Sunday 3 February 2008

Thinking of turning professional

14st 10lb; 3.0 units of alcohol; 1,462; Malin.

My man flu returned with a vengeance today, and I couldn’t face anything much beyond lying on the sofa, reading volumes of collected cartoon strips. The fact that I also drank the best part of a bottle of wine with lunch was surely entirely coincidental. I only drank it in an attempt to cheer myself up because I felt so lousy.

About 40 years ago, when I had not long started secondary school, I remember my father returning from a walk with the dog to report a singularly unsettling experience. He’d been approaching a group of young lads kicking a football around, and one had said, “Hang on until this old fellow’s got past.” Dad had looked around for this approaching OAP, before realizing with a sinking feeling that they were referring to him. He would have been about the age that I am now. And, just lately, I’ve finally begun to appreciate exactly how he felt.

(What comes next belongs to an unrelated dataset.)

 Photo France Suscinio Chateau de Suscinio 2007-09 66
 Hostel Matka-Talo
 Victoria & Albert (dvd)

There was a picture in the paper the other day of a retired British couple standing in front of their dream Spanish villa, in which they had sunk all their savings. It is about to be demolished to make way for a long-planned railway line which had somehow failed to show up on their lawyer’s searches. And they’d bought the land from the local mayor, too, and used his best mate to handle all the legal work. How on earth could that have happened?

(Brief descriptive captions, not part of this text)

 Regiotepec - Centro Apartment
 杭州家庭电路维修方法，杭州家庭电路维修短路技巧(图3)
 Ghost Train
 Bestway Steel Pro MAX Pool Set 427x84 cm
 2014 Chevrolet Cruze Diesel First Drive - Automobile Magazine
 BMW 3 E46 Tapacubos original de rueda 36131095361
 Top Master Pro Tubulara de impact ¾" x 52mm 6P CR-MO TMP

While I admit that expecting a bulldozer to trundle through your life savings must be quite an ageing experience, I was still a bit disheartened to note that this broken-down, ancient couple were almost exactly the same age as I am. There have been many other such incidents lately.

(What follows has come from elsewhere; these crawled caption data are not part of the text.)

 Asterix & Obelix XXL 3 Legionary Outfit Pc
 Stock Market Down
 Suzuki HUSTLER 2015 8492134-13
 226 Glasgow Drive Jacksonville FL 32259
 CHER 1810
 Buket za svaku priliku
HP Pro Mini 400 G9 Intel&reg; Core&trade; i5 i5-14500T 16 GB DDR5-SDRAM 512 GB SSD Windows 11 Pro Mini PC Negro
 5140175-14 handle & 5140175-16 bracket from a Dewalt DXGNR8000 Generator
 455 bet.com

And so I came to watch Calendar Girls on the television this evening, thinking “these are now the sort of women to whom you can aspire as you embark on the search for your next girlfriend. And I do mean aspire, as these ones you are looking at are film stars. Whereas you’ll be casting your own net among motherly secretaries, veterinary assistants, till operators in the poorer sort of supermarket or DIY store, petrol pump attendants (yes, we still have them around here), dinner ladies and care home workers.”

I find myself beginning to understand the logic of the friend who enquired how much it had cost to take him for lunch at The Ivy a couple of weeks ago, as he was thinking that it might be quite a good place to take a woman he was hoping to entice into bed. When I told him, he replied that in that case it would probably be cheaper and simpler just to pay for a whore, rather than trying to persuade a non-professional to pretend to like him.

I wonder where one finds the red light district in Alnwick or Rothbury, and whether any of its denizens are any younger or more attractive than I am?